After the addition of 1.0 g EDDS/kg dw soil, basal respiration (as an indicator of overall microbial activity) was measured and compared to substrate-induced respiration (as a measure of potentially active biomass) after the addition of glucose. Metabolic quotient (qCO2) was then calculated as the ratio of these two measurements to determine the effect of the test substance on the soil ecosystem. The activity of dehydrogenase, acid phosphatase, glucosidase, and arylsulphatase were analyzed as representatives of four different classes of enzymes important for the breakdown of organic matter. Potentially mineralizable nitrogen was also measured as an indicator of the biological soil activity. Finally, substrate profiles were assessed to determine the functional diversity of the soil microflora.

Basal respiration was reduced slightly (by about 10%), whilst substrate-induced respiration was unaffected by the addition of the test substance. The qCO2 was significantly reduced compared to the control value, indicating development of the ecosystem. There were no significant changes in enzyme activities or potentially mineralizable nitrogen when compared to the controls. Functional diversity was actually increased by the presence of EDDS.

In conclusion, 1 g EDDS/kg dw soil had no significant detrimental effect on the soil microflora; this value is considered the study 3-d NOEC.

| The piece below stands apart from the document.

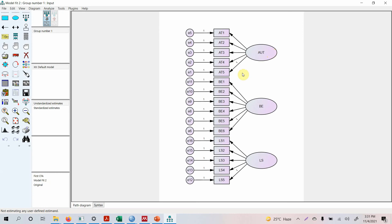In the last session we discussed how to assess model fit and how to improve model fit based on factor loadings, modification indices, and standardized residual covariances. Now in this session, rather than taking two constructs, I'm taking three constructs. Let's assume these two are my exogenous constructs and this one is my endogenous construct. As we have already discussed, we first do our measurement model or confirmatory factor analysis.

[Information on EDDS is considered relevant to use for understanding the potential effects of trisodium EDDS on microbial toxicity, and is acceptable for using as read-across information.]

Description of key information

In a study using several endpoints to measure toxicity to soil micro-organisms, EDDS at 1.0 g/kg dw soil for 3 days (considered the study NOEC) did not affect substrate-induced respiration (used as an indicator of potential biomass activity) or the activity of four enzymes (considered important for the breakdown of organic matter), although it did cause a significant inhibition of soil basal respiration

Key value for chemical safety assessment

Long-term EC10 or NOEC for soil microorganisms:

1 000 mg/kg soil dw

Additional information

Ethylenediamine disuccinate (EDDS) was studied for its effects on soil micro-organisms (microbial biomass, activity and diversity and community structure), using soil samples from a natural grassland in Larrauri, Northern Spain.

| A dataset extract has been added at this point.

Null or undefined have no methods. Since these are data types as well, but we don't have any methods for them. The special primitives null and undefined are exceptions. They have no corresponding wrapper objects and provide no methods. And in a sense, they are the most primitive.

After the addition of 1.0 g EDDS/kg dw soil, basal respiration (as an indicator of overall microbial activity) was measured and compared to substrate-induced respiration (as a measure of potentially active biomass) after the addition of glucose. Metabolic quotient (qCO2) was then calculated as the ratio of these two measurements to determine the effect of the test substance on the soil ecosystem. The activity of dehydrogenase, acid phosphatase, glucosidase, and arylsulphatase were analyzed as representatives of four different classes of enzymes important for the breakdown of organic matter. Potentially mineralizable nitrogen was also measured as an indicator of the biological soil activity. Finally, substrate profiles were assessed to determine the functional diversity of the soil microflora.

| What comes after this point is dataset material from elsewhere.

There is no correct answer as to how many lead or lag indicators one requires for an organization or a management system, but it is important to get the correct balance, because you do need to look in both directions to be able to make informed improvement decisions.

Basal respiration was reduced slightly (by about 10%), whilst substrate-induced respiration was unaffected by the addition of the test substance. The qCO2 was significantly reduced compared to the control value, indicating development of the ecosystem. There were no significant changes in enzyme activities or potentially mineralizable nitrogen when compared to the controls. Functional diversity was actually increased by the presence of EDDS. In conclusion, 1 g EDDS/kg dw soil had no significant detrimental effect on the soil microflora; this value is considered the study 3 -d NOEC (Epelde et al. 2008).

[Information on EDDS is considered relevant to use for understanding the potential effects of trisodium EDDS on microbial toxicity, and is acceptable for using as read-across information.]